§ Source material
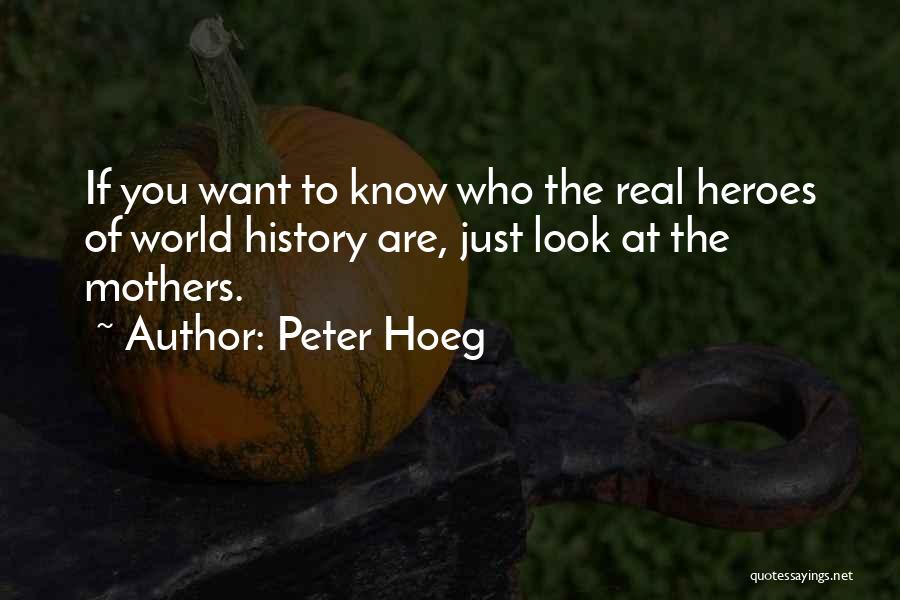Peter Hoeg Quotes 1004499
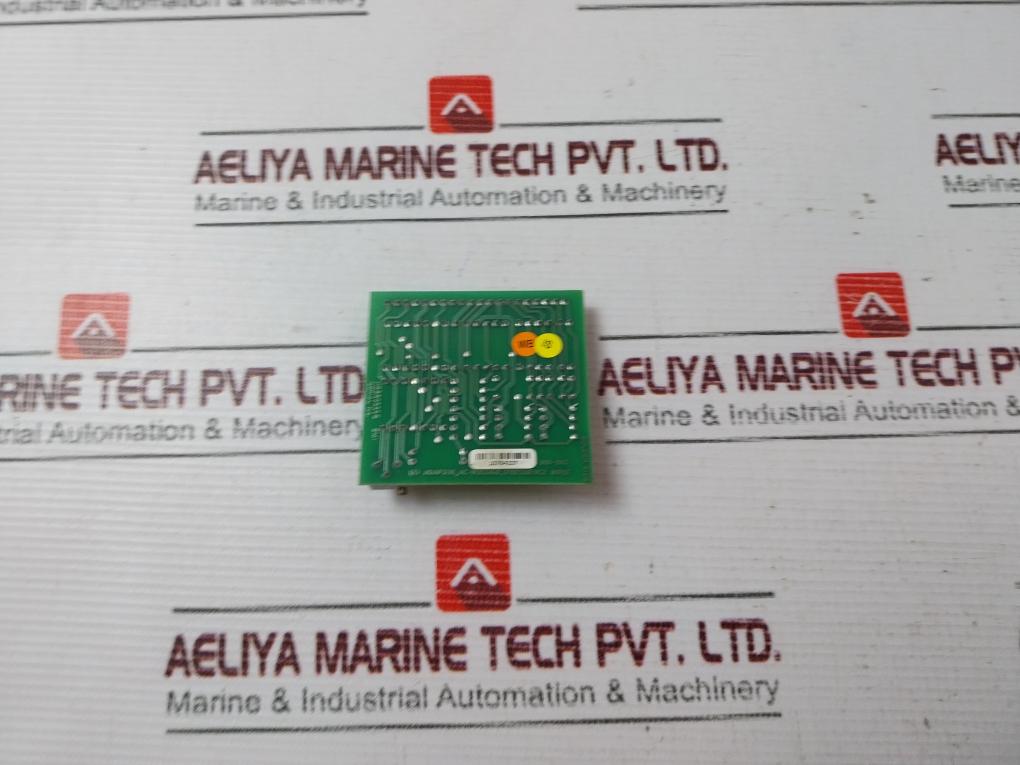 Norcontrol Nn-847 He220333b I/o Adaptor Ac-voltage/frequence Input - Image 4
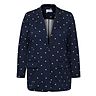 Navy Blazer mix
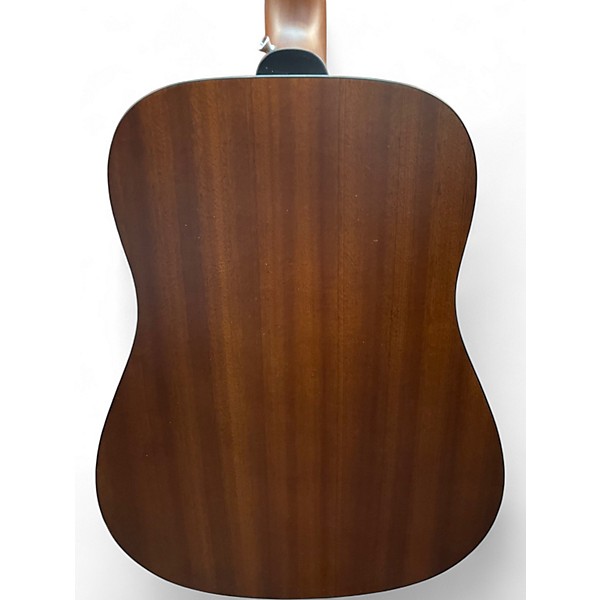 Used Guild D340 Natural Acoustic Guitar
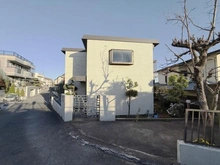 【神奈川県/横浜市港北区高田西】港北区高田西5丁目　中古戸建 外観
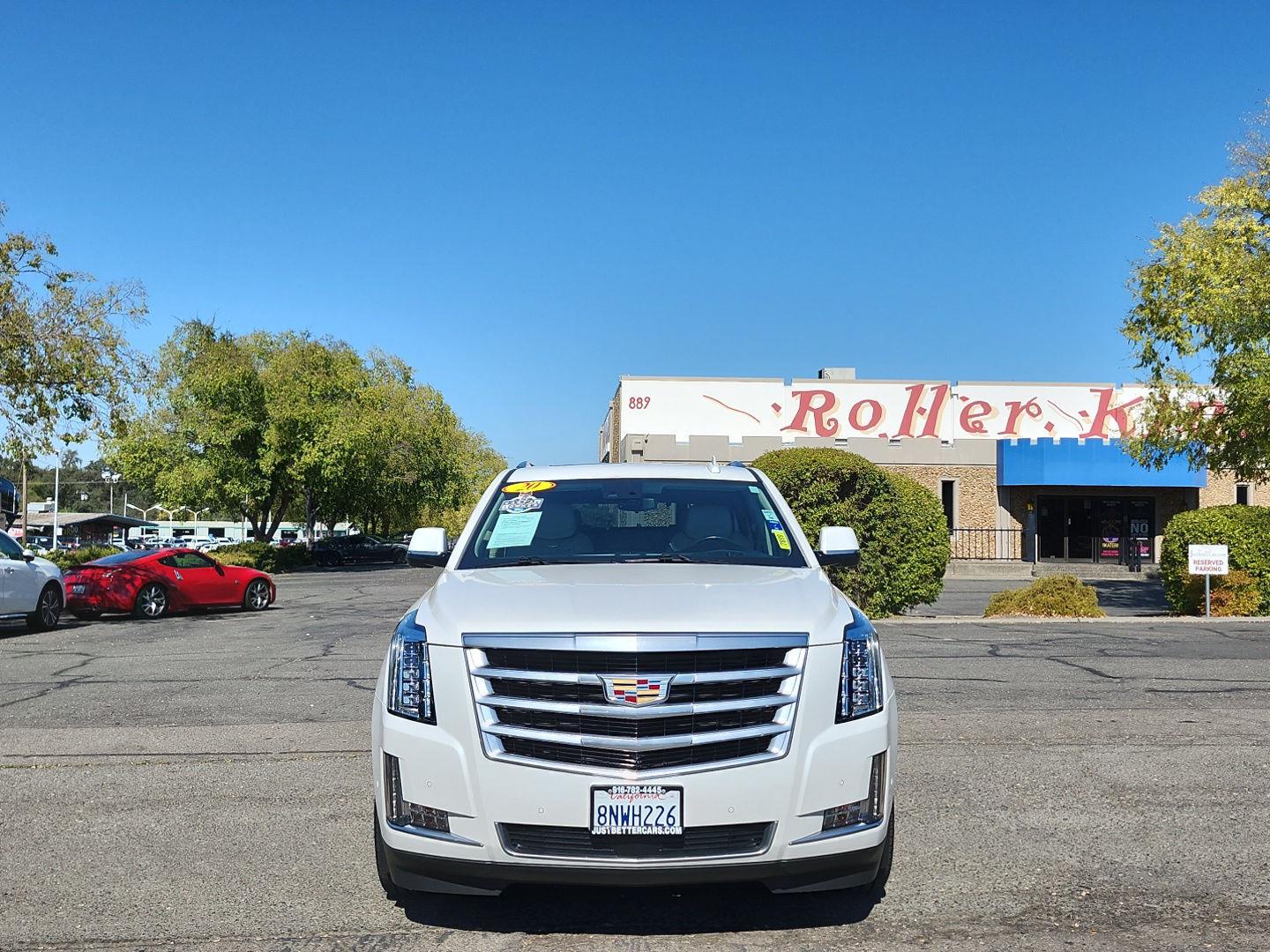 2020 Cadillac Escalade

§ What the task requires
Set down each entry above word for word, without its pictures.

§ Solution for this problem
Peter Hoeg Quotes 1004499
 Norcontrol Nn-847 He220333b I/o Adaptor Ac-voltage/frequence Input - Image 4
 Navy Blazer mix
 Used Guild D340 Natural Acoustic Guitar
 【神奈川県/横浜市港北区高田西】港北区高田西5丁目　中古戸建 外観
 2020 Cadillac Escalade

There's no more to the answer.